■ **Task details**:
For this exercise, write out each entry below exactly, omitting the images.

-- Opening Marker --

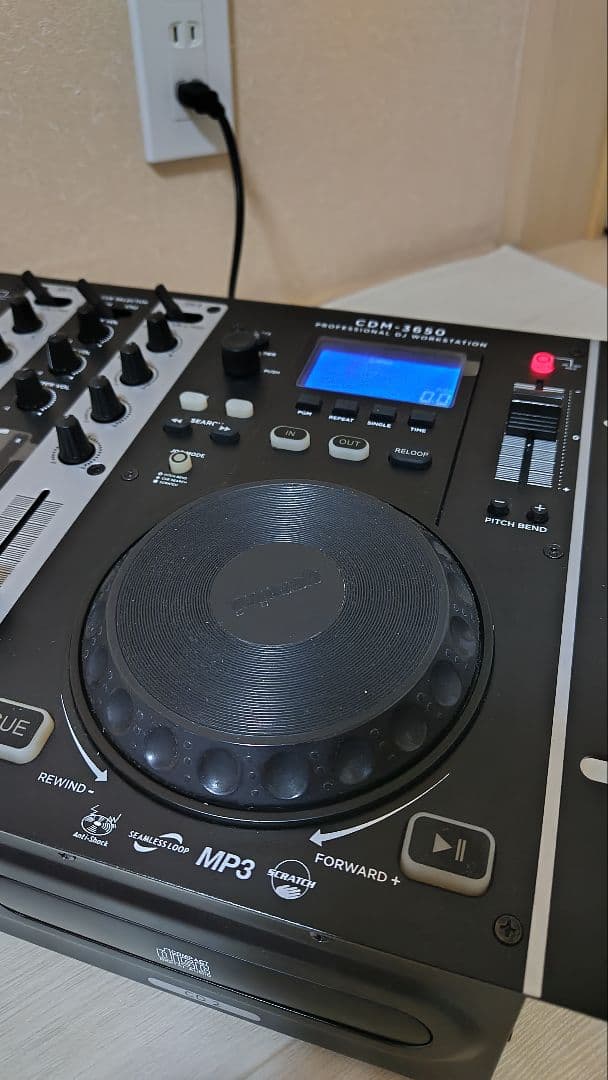 gemini DJ CD MIXING CONSOLE CDM−3650
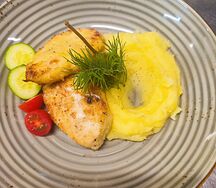 Пожарские котлеты с картофельным пюре
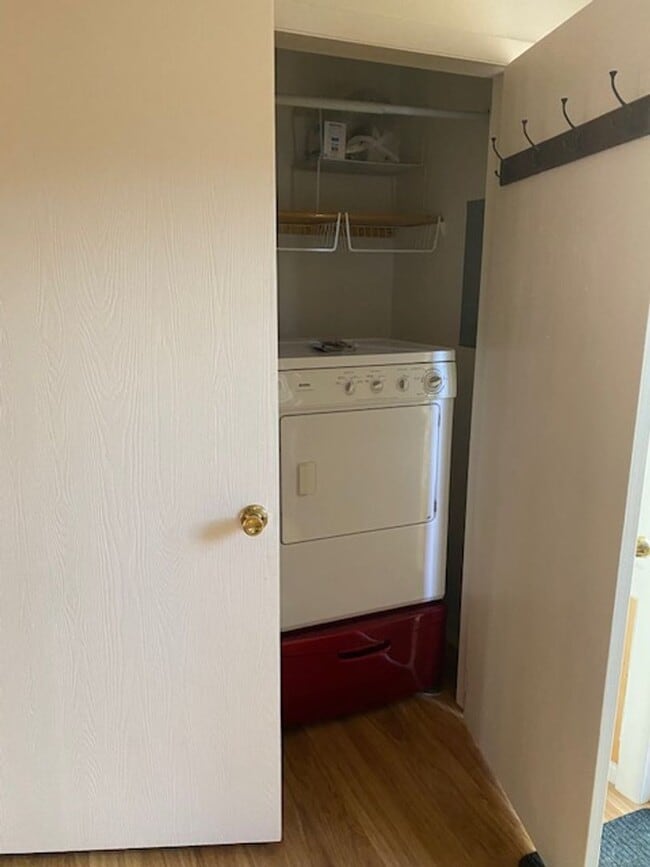 Building Photo - 2 bedroom, 1.5 bath Townhome  $1600/month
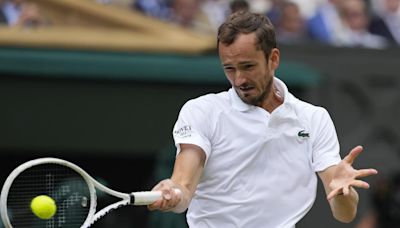 Wimbledon 2024, Live Score: Medvedev breaks Alcaraz to take 3-1 lead in first set of semifinal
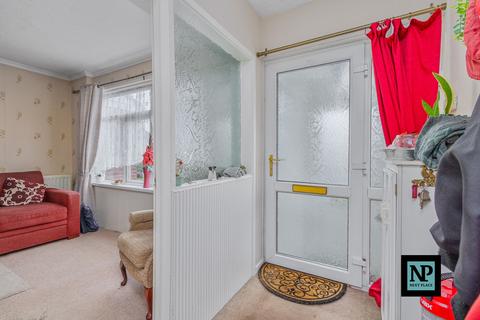 3 bedroom terraced house for sale, Castle Close, Tamworth, B77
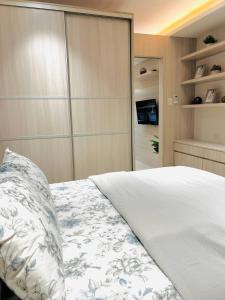 Shell Residences Facing MOA near NAI- - Aiza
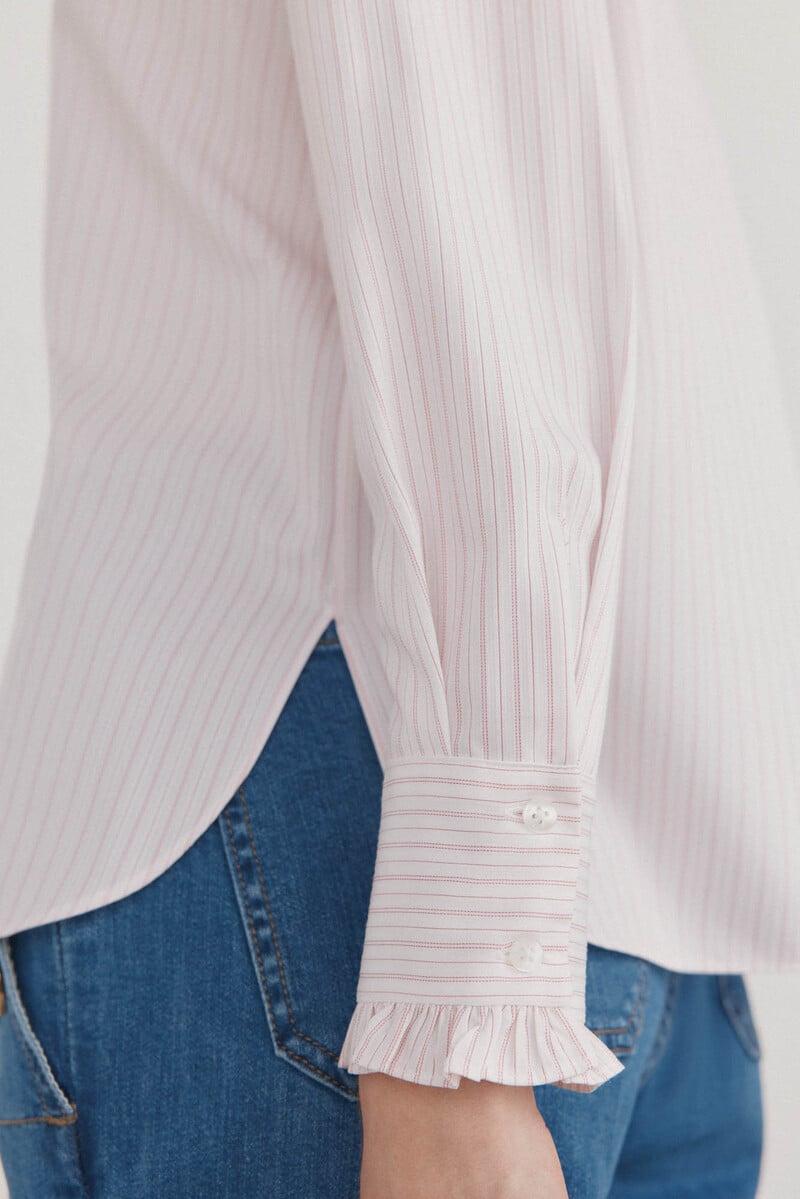 pedro del hierro Camisa romántica con volantes En oferta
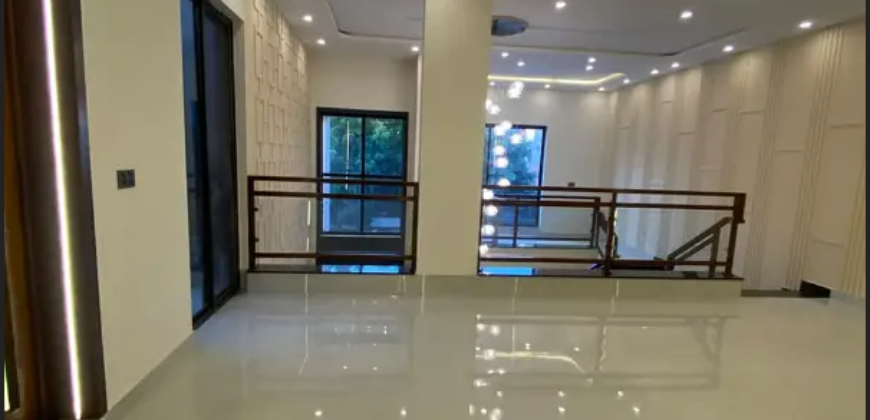 1 Kanal Luxury Bungalow for Sale in Fazaia Housing Society Lahore | 6 Beds | Double Height Lobby | Solar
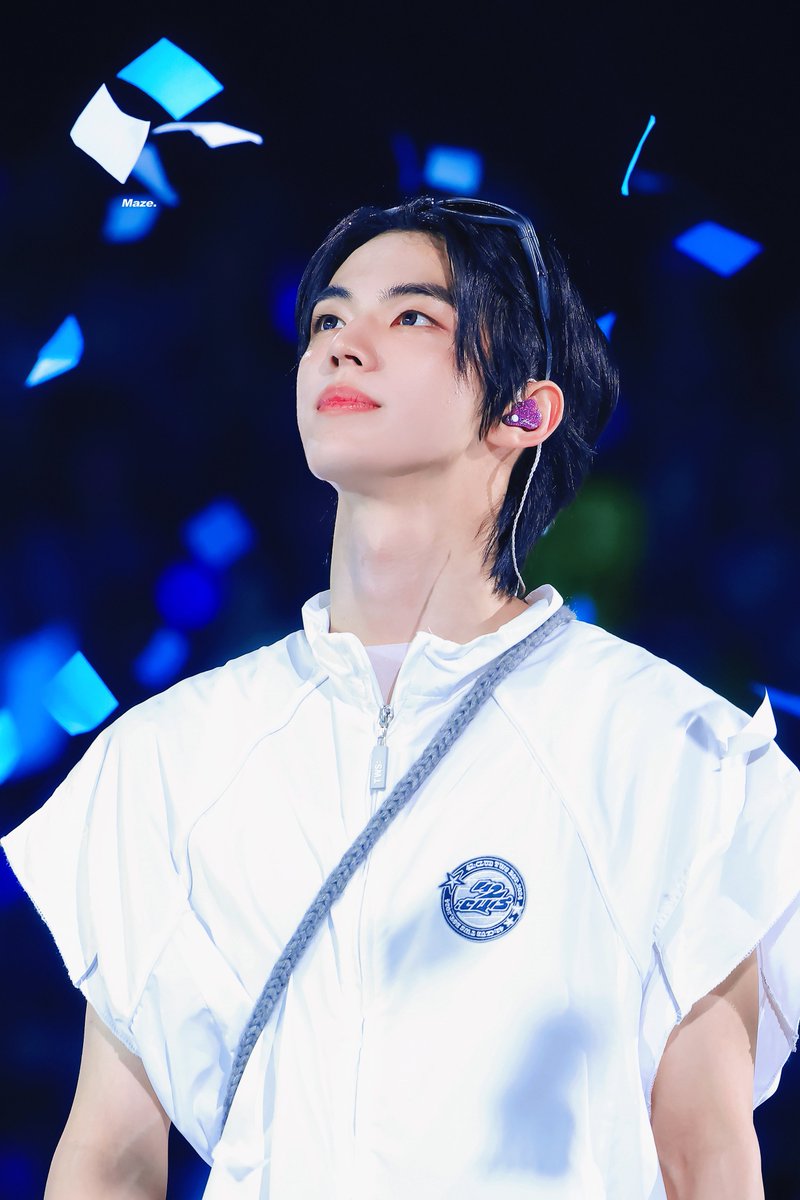 𝙈𝙖𝙯𝙚. tweet media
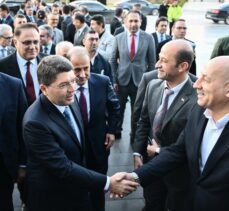 Adalet Bakanı Tunç, Anadolu Adliyesi'ni ziyaret etti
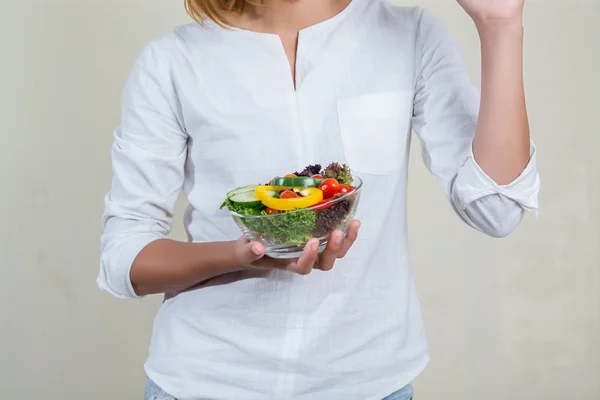 Handen van mooie vrouw met grote kom verse groente salade — Stockfoto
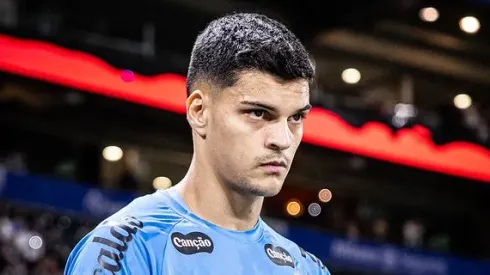 Brazão no Santos. Fotos: Raul Baretta/ Santos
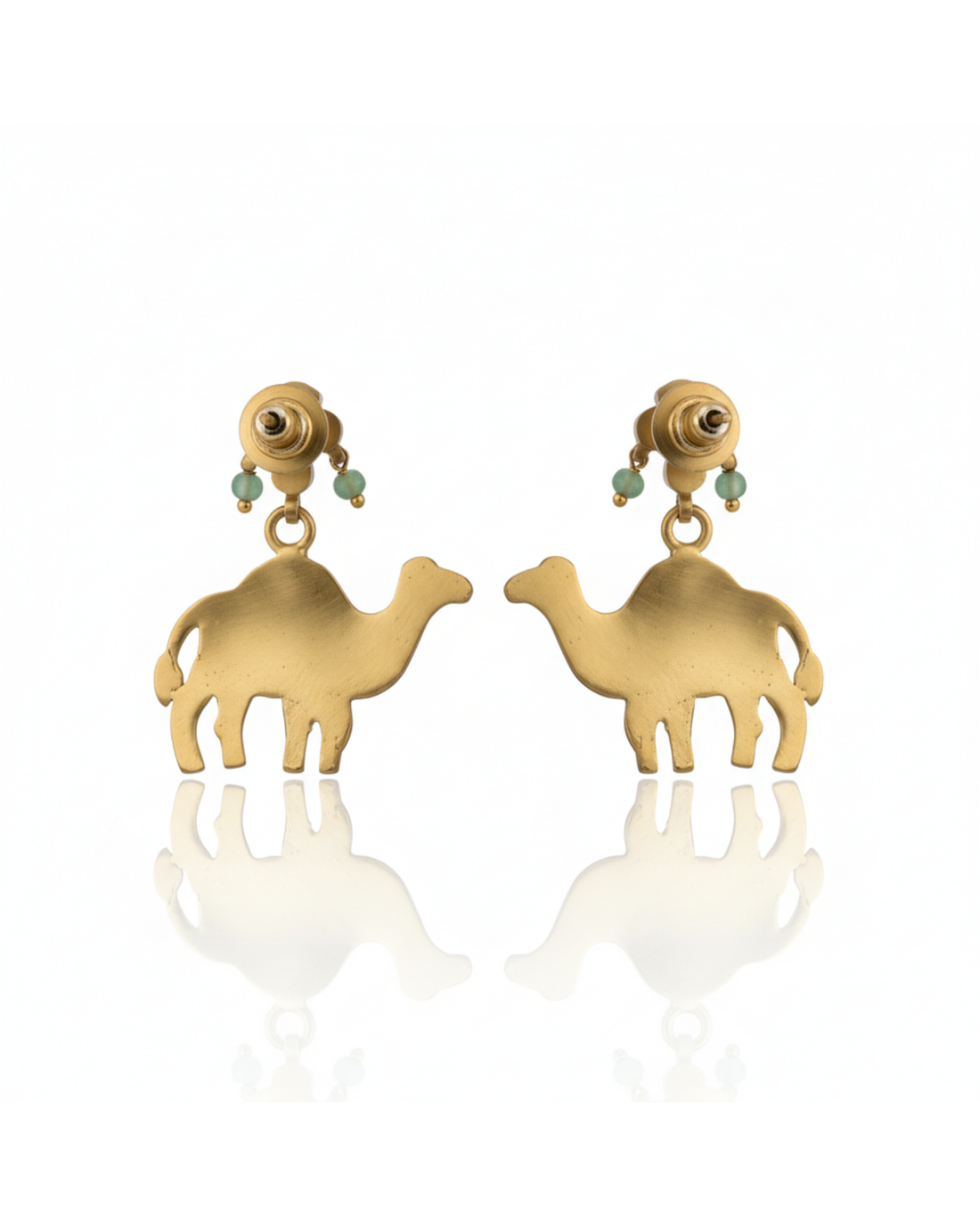 The Nomad Camel Drop, three-quarter view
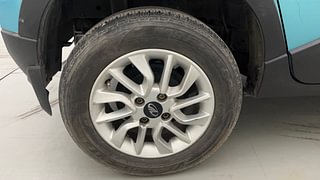 Used 2016 Mahindra KUV100 [2015-2017] K8 6 STR Petrol Manual tyres RIGHT REAR TYRE RIM VIEW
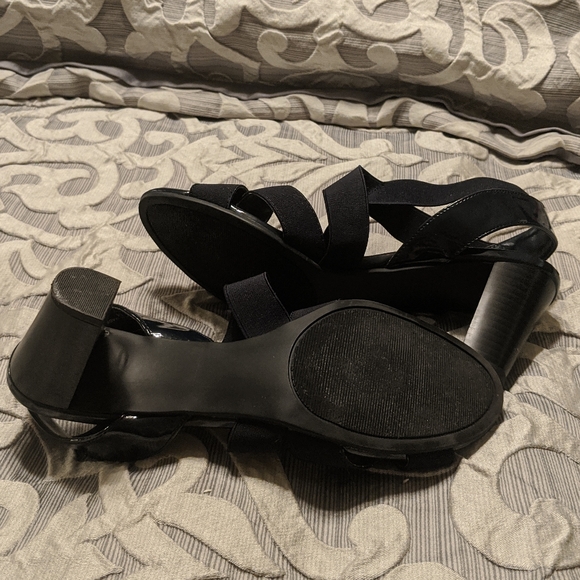 Dress Barn size 8.5 strappy navy block heels - Picture 6 of 8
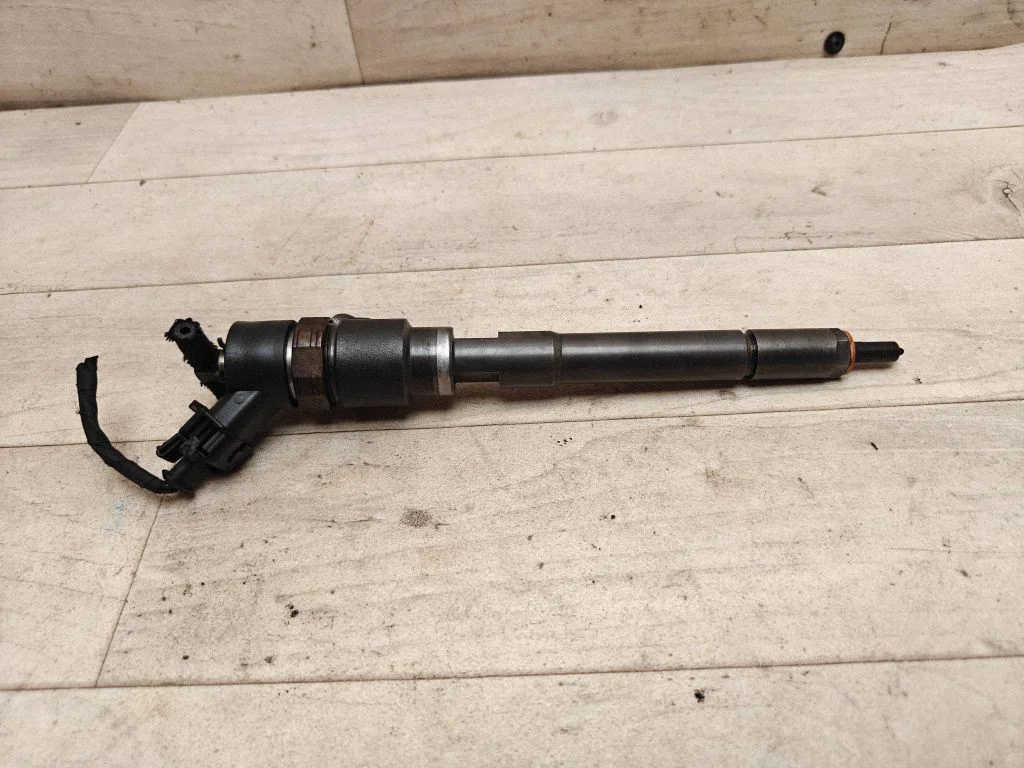 Fuel injector 0445110270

-- Closing Marker --

■ **The answer**:
 gemini DJ CD MIXING CONSOLE CDM−3650
 Пожарские котлеты с картофельным пюре
 Building Photo - 2 bedroom, 1.5 bath Townhome  $1600/month
 Wimbledon 2024, Live Score: Medvedev breaks Alcaraz to take 3-1 lead in first set of semifinal
 3 bedroom terraced house for sale, Castle Close, Tamworth, B77
 Shell Residences Facing MOA near NAI- - Aiza
 pedro del hierro Camisa romántica con volantes En oferta
 1 Kanal Luxury Bungalow for Sale in Fazaia Housing Society Lahore | 6 Beds | Double Height Lobby | Solar
 𝙈𝙖𝙯𝙚. tweet media
 Adalet Bakanı Tunç, Anadolu Adliyesi'ni ziyaret etti
 Handen van mooie vrouw met grote kom verse groente salade — Stockfoto
 Brazão no Santos. Fotos: Raul Baretta/ Santos
 The Nomad Camel Drop, three-quarter view
 Used 2016 Mahindra KUV100 [2015-2017] K8 6 STR Petrol Manual tyres RIGHT REAR TYRE RIM VIEW
 Dress Barn size 8.5 strappy navy block heels - Picture 6 of 8
 Fuel injector 0445110270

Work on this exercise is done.